Senate debates

Thursday, 25 June 2026

Bills

Treasury Laws Amendment (Tax Reform No. 1) Bill 2026, Income Tax Rates Amendment (Tax Reform No. 1) Bill 2026; In Committee

11:47 am

Photo of Katy GallagherKaty Gallagher (ACT, Australian Labor Party, Minister for the Public Service) | Hansard source

I rise to make a few remarks here. I also would like to table a supplementary explanatory memorandum relating to the government amendments to be moved to the Treasury Laws Amendment Bill (Tax Reform No. 1) Bill 2026. I would like to outline what those amendments are going to be because it relates directly to some of the discussions we've been having on amendment 3882.

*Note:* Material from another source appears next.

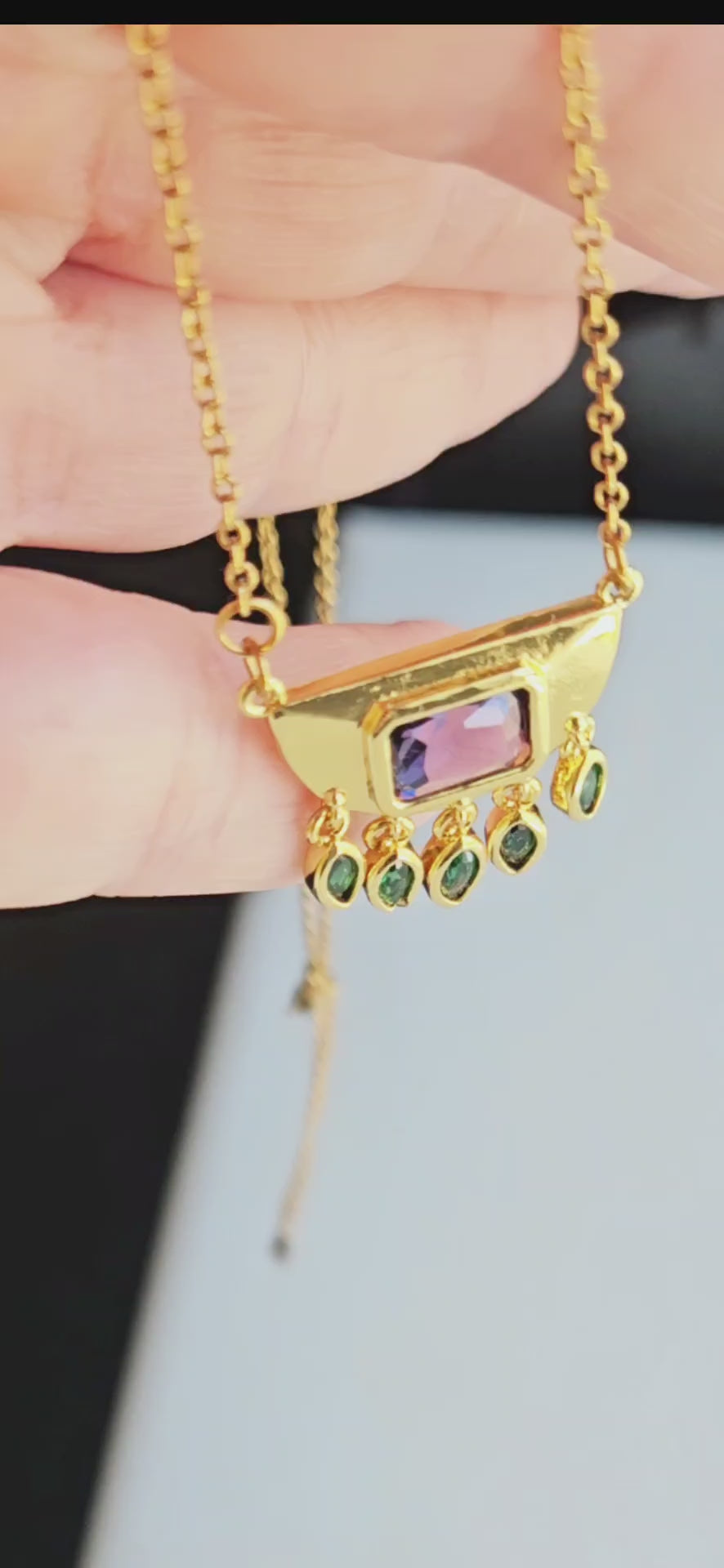Boho Stainless Steel Crystal Necklace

The government amendments and the explanatory memorandum that I just tabled implements the government changes to the bill announced on 18 June 2026. As we announced on that date, the government is proposing target amendments to the bill to provide certainty on implementation detail consistent with the original intent of the policies. The amendments extend the eligibility of the 50 per cent active asset reduction to more businesses by increasing the turnover threshold from $2 million to $10 million. They also ensure deductible gift and donations reduce capital gains that are subject to the minimum tax to maintain tax incentives in relation to charitable giving, provide the list of income support payments that qualify for an exemption for the minimum tax on capital gains, embed the calculation method for the working Australian tax offset in legislation and remove ministerial powers no longer needed to give effect to the government's policy intent.

The increase in the small-business concession eligibility threshold brings eligibility for this concession into line with the turnover threshold for the instant asset write-off. This will mean that all 2.7 million active small businesses and 98 per cent of active businesses will be eligible for a 50 per cent CGT discount on active business assets on top of the discount for inflation where eligible once these reforms are in place. The payments that exempt recipients from the minimum tax on capital gains include age pension, Austudy, carer payment, disability payment, JobSeeker parenting payment, youth allowance, family tax benefit, parental leave pay and veteran payment.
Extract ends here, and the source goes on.